Three Cybersecurity Trends For 2023

Three Cybersecurity Trends For 2023

Nobody can foretell the future, and with so many cybersecurity forecasts, it’s hard to know what to anticipate precisely as 2023 approaches. However, the experts at KPMG International have identified several directions in which the cybersecurity landscape will change over the coming year.

KPMG researchers recently released the top three cybersecurity forecasts for 2023 to highlight how businesses should change to stay up with the assault of current threats.

Predictions include big tech firms emphasising digital trust to keep up with cyber regulation, the incident response window decreasing as threat actors leverage automation, and approaches to zero trust moving from idle evangelism to active implementation.

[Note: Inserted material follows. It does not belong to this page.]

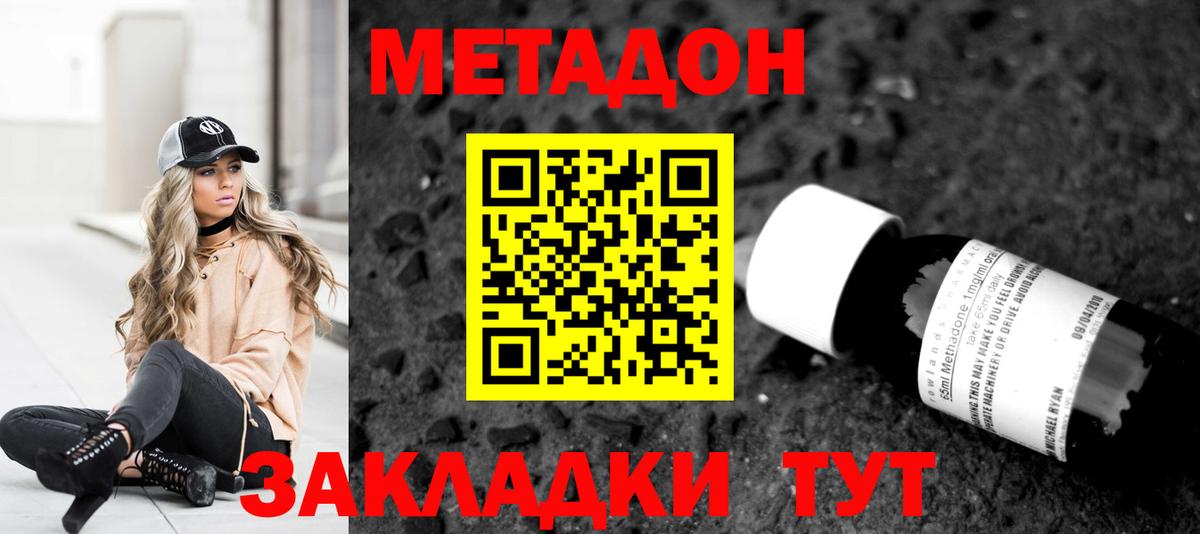 МЕТАДОН кристалл  МЕТАДОН VHQ  Вход с VPN  Волжский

Big tech will look to digital trust to keep up with cyber regulation 

Leading organisations in 2023 will realise the benefits of building and maintaining digital trust — and its importance for brand, reputation and customer retention in a world where cybersecurity breaches are becoming increasingly inevitable. Expect two big tech firms to embrace this idea — in part anticipating regulation ahead — but, more importantly, recognise the growing societal expectations over the trust.

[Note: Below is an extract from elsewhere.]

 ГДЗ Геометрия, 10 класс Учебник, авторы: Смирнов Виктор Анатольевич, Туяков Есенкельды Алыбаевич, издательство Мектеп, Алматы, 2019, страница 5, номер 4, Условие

2023 brings a perfect storm of cyber regulation as regulators worldwide bring forward rules on the security and ethics of AI, supply chain and digital infrastructure security, and corporate transparency around security and ransomware.

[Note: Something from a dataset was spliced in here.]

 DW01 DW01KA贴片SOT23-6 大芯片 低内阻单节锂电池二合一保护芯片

It will take time for these regimes to bed in and for supervisory competence to build — but the direction of travel is clear — cybersecurity is no longer an optional retrofitted extra. The challenge will be to avoid compliance-driven approaches and stay focused on enabling the business.

The window to respond to cyberattacks will decrease as attackers turn to automation  

The time window to respond to cyberattacks will continue to shrink with a never-ending race between attackers and defenders. AI will play a part in automating corporate and national defences, but organised crime groups will ramp up their automation, too, to scale and accelerate their attacks. In 2023, a day becomes a long time in cybersecurity — and only by integrating cyber threat management will the defenders be able to stay ahead. Our resilience will be tested, demanding that governments and corporations work together to counter the changing threat.

Zero-trust hype will shift from evangelism to implementation

In 2023, zero trust will shift from evangelism to practical implementation as firms take the concept to heart and reengineer their security solutions for a perimeter-less organisation. As we do so, pressure is growing to reduce the security burden and adopt more usable and less intrusive security measures. Simply layering more and more protective controls increasingly risks impeding the business. Getting the right balance between protection and rapid detection and response will be key to success — and people need to be at the heart of that design.